I read in the Faith and Values section of yesterday’s
metro paper about what we know about human response to adversity
and the nature of our generosity. There was a fairly extensive interview
with Robin Lovin, a professor of ethics at Southern Methodist University
in Dallas. He observed that there is much evidence, from the 9-11
tragedy to the Tsunamis to our recent swarm of major hurricanes
that people do bare their hearts in the aftermath of these events,
because partly and initially it is something we can all identify
with. If it could happen to other people, it could happen to us.
Even though we tend to be suspicious of strangers
and don’t want to involve ourselves, Lovin said, even though
in this anonymous and for some very affluent 21st century we expect
people to take care of themselves-- for a time we will respond with
genuine benevolence.
But then, Lovin reminded us, Martin Luther King
always said that America is an eight day country. When something
happens, he said, people stay excited and concerned for about eight
days, then it falls away. Beyond the initial response and our customary
attention span, reconstruction will take what he calls social imagination
and moral commitment beyond anything in recent American experience.
Will we have the attention span and staying power to do what must
be done to make things right?
While this ethicist was addressing and looking ahead at the future
of our concern and commitment around the aftermath of Hurricane
Katrina, I take Rev. Dr .King’s words about the American eight
day attention span to heart when it comes to other pressing issues
that may be ignored or abandoned as we move from one to the next.
A week ago national attention was on the mother
of a dead soldier in Iraq whose vigil in an ant infested Texas ditch
looked like it might spur a sustained effort to set a timeline for
the end of our military involvement there and more concern for the
troops serving. Including plans for a large march in Washington
D.C. at the end of this month. And earlier this summe,r really only
a little more than a month ago, there was a swell of attention and
a sizable march and demonstration commemorating the 40th anniversary
of the signing of the Voting Rights Act, remembering the horrors
of life for African Americans, especially in the South, for the
years proceding it; and asking to make sure that these rights continue.
Will these efforts and mobilizations continue with
any hope of our attention and participation as this new call for
our energy and involvement has emerged?
So as I drove back home last night from that meeting
of Uus, as always a small but disproportionately impact group, I
wondered how I could possibly still speak today about my experiences
and heart’s work this summer, how could I possibly make what
seemed to be a huge and perhaps inappropriate leap from the events
of this past week to the historical events of four decades ago.
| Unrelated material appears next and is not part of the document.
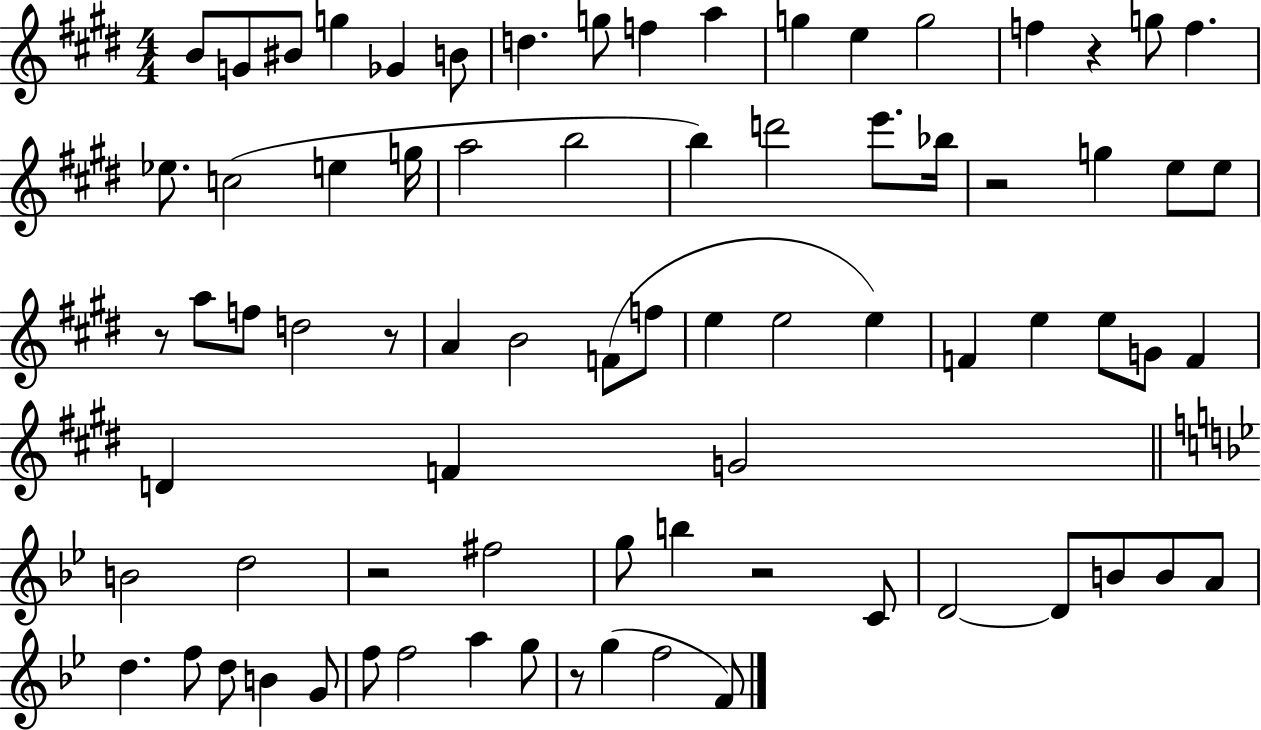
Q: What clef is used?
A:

And then a young woman called in a progressive
radio talk show and talked about how the pictures of black people
wading in flood waters; old men dying in lawn chairs; babies wailing
on sidewalks had reminded her family of the times when they experienced
and saw pictures of dogs snarling and hoses turned on another generation
of African Americans whose living conditions and civil rights were
also desperate and violated.
The link is there-- if we are open to seeing it---between
past injustices and second class status and the present situations
in Mississippi, Alabama, and perhaps especially Louisiana.
Even now, perhaps especially now, as so many of
the hurricane and flood victims link the tragedy that befell them
with a continued sense of disempowerment and disenfranchisement
we must not abandon our other work of protecting their civil rights,
working for economic justice, and opposing a war that is draining
our energies, resources and hope.
This reflection was written early Sunday morning.
The expected bus did not reach the UU congregation's parking lot,
rather stopped at a shelter staffed by experienced disaster relief
workers and the possibility of more comprehensive one-stop services
for the women and their children. Metro UUs will be continuing to
find ways to plug into the relief efforts as Atlanta will become
the temporary or permanent home for thousands of evacuees.